Volubilis Ancient City

The Roman ruins of Volubilis

The Roman ruins of Volubilis—the most well-preserved archaeological site in Morocco and a UNESCO World Heritage Site since 1997—sit in the middle of a fertile plain about thirty-three kilometers noth of Meknès.  Filled with many beautiful mosaics, Volubilis is at its magical best in the springtime, when wild flowers blossom amid the ruins, and the surrounding fields are green and lush.  Only about half of the forty-hectare site has been excavated, and the best-known monuments lie in the northern part of the site, opposite the southern entrance.  Feel free to wander the entire site at your leisure!
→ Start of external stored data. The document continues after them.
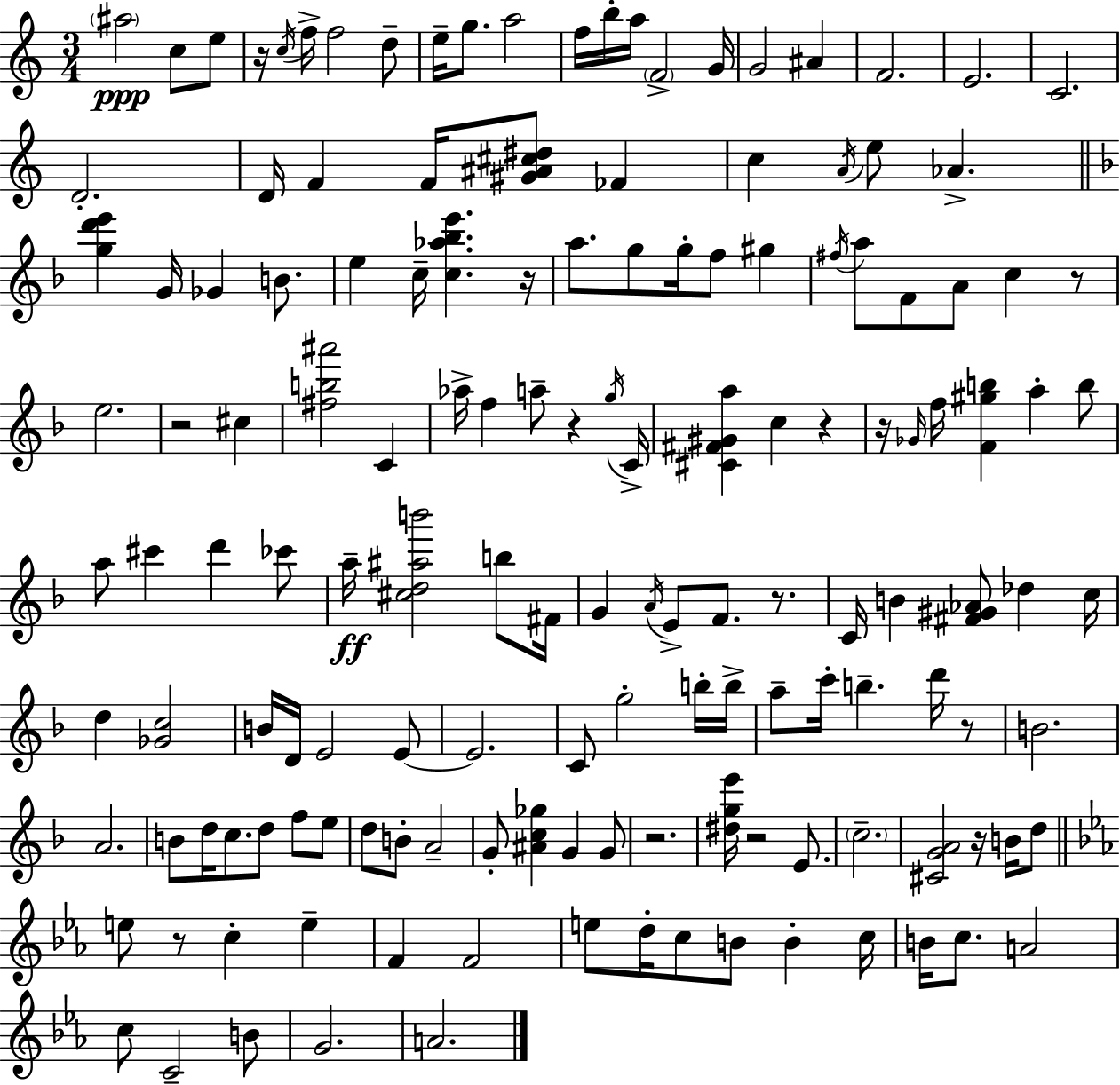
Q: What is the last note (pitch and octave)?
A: A4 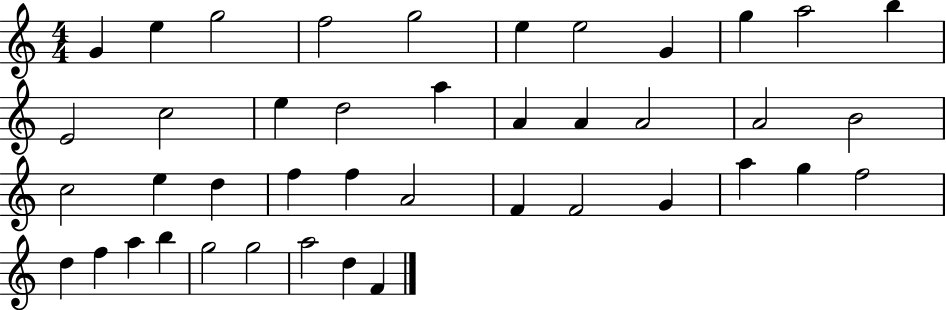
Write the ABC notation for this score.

X:1
T:Untitled
M:4/4
L:1/4
K:C
G e g2 f2 g2 e e2 G g a2 b E2 c2 e d2 a A A A2 A2 B2 c2 e d f f A2 F F2 G a g f2 d f a b g2 g2 a2 d F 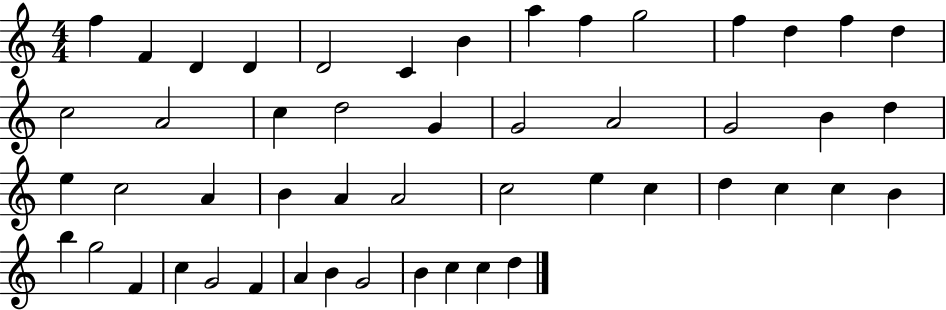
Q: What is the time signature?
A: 4/4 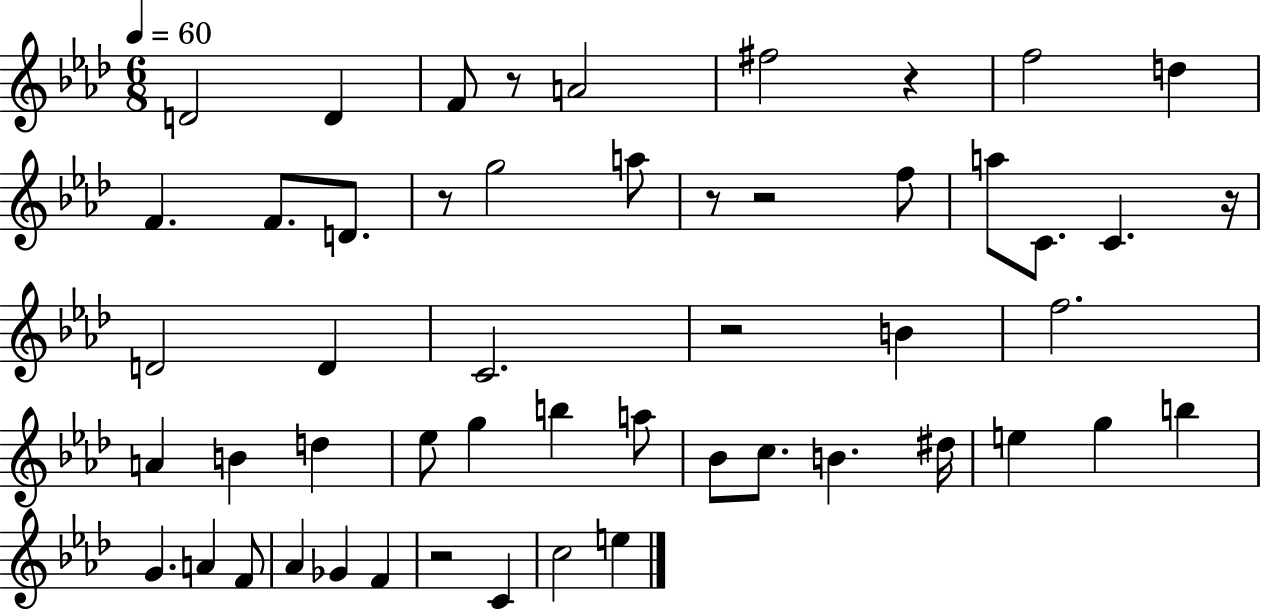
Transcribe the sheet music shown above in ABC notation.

X:1
T:Untitled
M:6/8
L:1/4
K:Ab
D2 D F/2 z/2 A2 ^f2 z f2 d F F/2 D/2 z/2 g2 a/2 z/2 z2 f/2 a/2 C/2 C z/4 D2 D C2 z2 B f2 A B d _e/2 g b a/2 _B/2 c/2 B ^d/4 e g b G A F/2 _A _G F z2 C c2 e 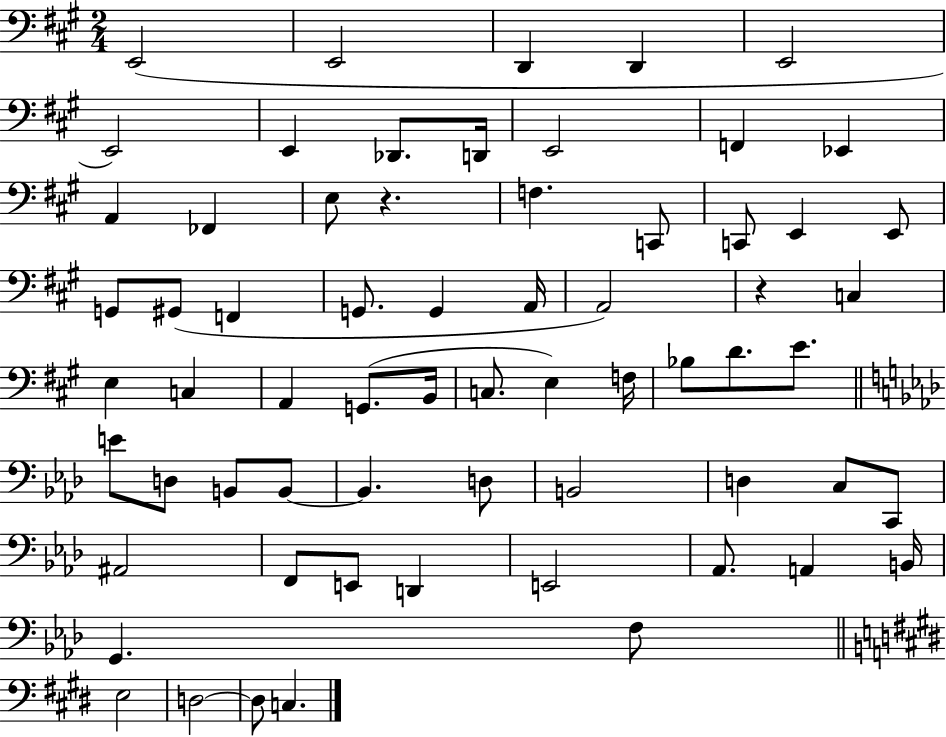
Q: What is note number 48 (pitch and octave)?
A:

Olive presses at the most ancient part of the site indicate the economic basis of Volubilis—look for the flat presses and stone storage vats scattered around.  Wealthy citizens had private olive presses, and the remains of their villas house stunning examples of ancient mosaic art.  The House of Orpheus is the finest and largest, containing a mosaic of Orpheus charming animals with his lute, accompanied by a dolphin mosaic in the dining room.  The private hammam (bath) has a caldarium (hot room) with steam pipes still visible, along with a tepidarium (warm room) and frigiarium (cold room), as well as a solarium.  The House of Acrobat sports a mosaic of an athlete being awarded a prize for dismounting and jumping back on his horse as it raced along.  To the west stands the House of the Dog, famous not for its mosaics but for its giant carved phallus, once serving as a brothel for weary warriors.  Further along stands the House of the Ephebus, containing an incomplete mosaic of Bacchus in a chariot drawn by panthers.  The nearby House of the Columns sports columns arranged in a circle around an interior court, all in different styles.  Next door is the House of the Knight, with an incomplete mosaic of Bacchus and a naked Ariadne.  The next four houses are named for their stunning mosaics:  the House of the Labors of Hercules, the House of Dionysus and the Four Seasons, the House of the Bathing Nymphs, and the House of the Wild Beasts.  The House of Venus, home of King Juba II, sports two particularly fine mosaics:  the Abduction of Hylas by the Nymphs and Diana Bathing.

Next to the House of Orpheus are the remains of Galen’s Thermal Baths, with the sophisticated system of under-floor heating clearly visible, along with the remains of communal toilets.  Perched on the site’s highest point are the Capitol, Basilica, and Forum.  The Capitol, dedicated to Jupiter, Juno, and Minerva, dates to 218 CE, while the reconstructed columns of the Basilica are today topped with storks’ nests.  Around the Forum is a series of plinths carved with Latin inscriptions.  The marble Triumphal Arch was constructed in 217 CE in honor of Emperor Caracalla and his mother, Julia Domna.  Be sure to climb the small hill just to the east, as it provides a magnificent view of the entire site.